Om Parkash, J.
1. This appeal, by the Collector, Bilaspur, is directed against an order of the learned Additional District judge Bilaspur, whereby, on three references, under Section 18 of the Land Acquisition Act, the compensation, payable for acquisition of property, was enhanced, by Rs. 28,934.75 P.
2. Land and buildings, situated in Bilaspur town, were acquired, in connection with the construction of Bhakra Reservoir. The major part of the property, acquired, was owned, exclusively, by Smt. Reshmu, since deceased, and her sons, Daulat Ram and Nauria Mal, respondents, and the rest was owned by them, jointly, with other persons. The Collector awarded compensation with respect to the acquisition of property. Smt. Reshmu and Daulat Ram and Nauria Mal, respondents, did not accept the award. Each of them filed a separate reference, putting forth objections, against the award qua her or his own share in the property, acquired. The three references were forwarded to the Court for determination.
3. The learned Additional District Judge, Bilaspur consolidated the three references, held one trial and disposed of them by one order.
4. The objections taken up, against the award, in the three references, were the same. The objections, which are relevant for the decision of the present appeal, were that the compensation for land and buildings, as assessed by the Collector, was inadequate and that the respondents were carrying on business in the buildings acquired and, that as the business was injuriously affected by reason of the acquisition, they were entitled to get compensation for loss of earnings but the Collector did not award any compensation in this behalf.
5. The objections were controverted, on behalf of the appellant.
6. The learned Additional District Judge held that the compensation, assessed by the Collector, for buildings and land, was low. He enhanced the compensation, by Rs. 22,591.75 P and Rs. 1,843/-, for buildings and land respectively. He, further, held that the respondents were carrying on business in the buildings acquired and that their business had been injuriously affected by reason of the acquisition and they were entitled to get Rs. 4,500/-, as compensation, for loss of earnings.
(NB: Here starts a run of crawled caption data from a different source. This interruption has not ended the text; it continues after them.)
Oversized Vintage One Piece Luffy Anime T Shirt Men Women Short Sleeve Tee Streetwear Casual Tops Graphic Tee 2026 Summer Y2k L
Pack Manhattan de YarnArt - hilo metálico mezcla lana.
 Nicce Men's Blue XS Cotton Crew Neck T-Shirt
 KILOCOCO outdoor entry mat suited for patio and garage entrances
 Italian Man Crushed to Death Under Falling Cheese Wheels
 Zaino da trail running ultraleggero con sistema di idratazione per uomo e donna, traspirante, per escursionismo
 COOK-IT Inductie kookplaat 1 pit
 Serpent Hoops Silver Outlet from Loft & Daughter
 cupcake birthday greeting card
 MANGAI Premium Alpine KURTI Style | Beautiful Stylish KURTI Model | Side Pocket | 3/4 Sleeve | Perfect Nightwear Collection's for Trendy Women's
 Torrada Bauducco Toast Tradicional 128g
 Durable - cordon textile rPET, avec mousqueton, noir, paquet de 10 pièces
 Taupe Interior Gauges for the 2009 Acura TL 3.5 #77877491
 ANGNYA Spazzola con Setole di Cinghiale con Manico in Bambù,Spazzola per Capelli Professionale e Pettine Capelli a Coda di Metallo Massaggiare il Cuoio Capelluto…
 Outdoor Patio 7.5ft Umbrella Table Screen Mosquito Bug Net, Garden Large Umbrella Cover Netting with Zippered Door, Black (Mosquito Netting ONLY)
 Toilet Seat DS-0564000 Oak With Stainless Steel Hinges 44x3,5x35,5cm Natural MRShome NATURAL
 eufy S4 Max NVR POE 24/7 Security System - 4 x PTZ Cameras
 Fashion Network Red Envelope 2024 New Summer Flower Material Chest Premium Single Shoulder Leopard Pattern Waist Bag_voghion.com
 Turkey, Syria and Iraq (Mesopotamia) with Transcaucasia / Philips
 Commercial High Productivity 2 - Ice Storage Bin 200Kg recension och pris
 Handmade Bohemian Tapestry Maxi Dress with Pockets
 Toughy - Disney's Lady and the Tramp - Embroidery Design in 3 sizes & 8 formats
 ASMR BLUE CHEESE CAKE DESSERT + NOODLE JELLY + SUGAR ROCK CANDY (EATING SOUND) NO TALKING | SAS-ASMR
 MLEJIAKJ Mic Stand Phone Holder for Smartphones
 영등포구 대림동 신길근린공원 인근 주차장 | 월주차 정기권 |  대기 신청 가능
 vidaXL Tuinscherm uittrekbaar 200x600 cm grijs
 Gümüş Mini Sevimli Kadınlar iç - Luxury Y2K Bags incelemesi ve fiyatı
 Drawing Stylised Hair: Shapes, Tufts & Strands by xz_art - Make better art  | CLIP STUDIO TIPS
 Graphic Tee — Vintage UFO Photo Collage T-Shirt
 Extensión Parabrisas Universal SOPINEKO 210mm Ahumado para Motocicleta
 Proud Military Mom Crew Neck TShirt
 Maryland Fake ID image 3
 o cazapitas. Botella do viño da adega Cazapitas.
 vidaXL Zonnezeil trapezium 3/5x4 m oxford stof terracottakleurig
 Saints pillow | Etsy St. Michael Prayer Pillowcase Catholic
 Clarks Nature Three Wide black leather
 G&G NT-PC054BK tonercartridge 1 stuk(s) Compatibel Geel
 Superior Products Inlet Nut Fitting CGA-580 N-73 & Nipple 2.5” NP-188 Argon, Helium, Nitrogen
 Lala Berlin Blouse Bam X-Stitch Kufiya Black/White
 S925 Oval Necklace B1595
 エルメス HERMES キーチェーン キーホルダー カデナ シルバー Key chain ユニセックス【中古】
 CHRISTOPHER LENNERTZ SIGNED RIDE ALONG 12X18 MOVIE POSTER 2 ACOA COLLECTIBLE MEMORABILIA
7. Feeling aggrieved by the enhancement of compensation, the Collector has come up in appeal. Only one appeal has been filed, though there were three separate references. The memorandum of appeal has been stamped with court-fees, chargeable on Rs. 28,934.75 P, the total excess compensation, awarded by the learned Additional District Judge, in the three references.
8. Smt. Reshmu died during the pendency of the appeal. Her name was struck off the record as Daulat Ram and Nauria Mal, her sons, in whose favour, she had executed a will, were already on the record.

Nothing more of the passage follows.